[Your instructions]
Could you reproduce, word for word, everything below from the line containing "ショート toiro Aem. 仲村　幹大のヘアスタイル" down to the line containing "DJI Ronin MX", with both of those lines included and no others?

[Supplied material]
========================================
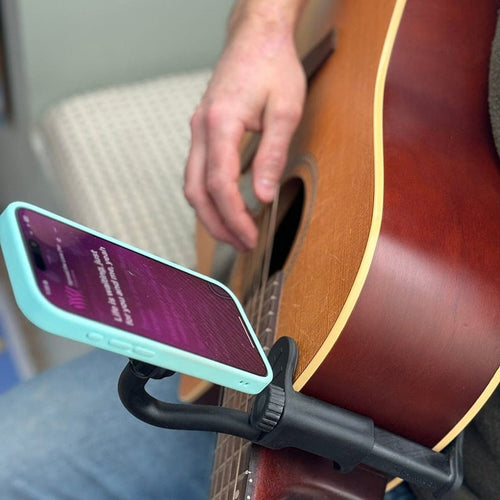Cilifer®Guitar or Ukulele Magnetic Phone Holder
========================================
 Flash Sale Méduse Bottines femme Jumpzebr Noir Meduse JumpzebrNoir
========================================
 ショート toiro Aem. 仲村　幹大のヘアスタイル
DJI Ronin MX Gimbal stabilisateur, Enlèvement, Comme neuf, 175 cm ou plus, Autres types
========================================
[Result of the task]
 ショート toiro Aem. 仲村　幹大のヘアスタイル
DJI Ronin MX Gimbal stabilisateur, Enlèvement, Comme neuf, 175 cm ou plus, Autres types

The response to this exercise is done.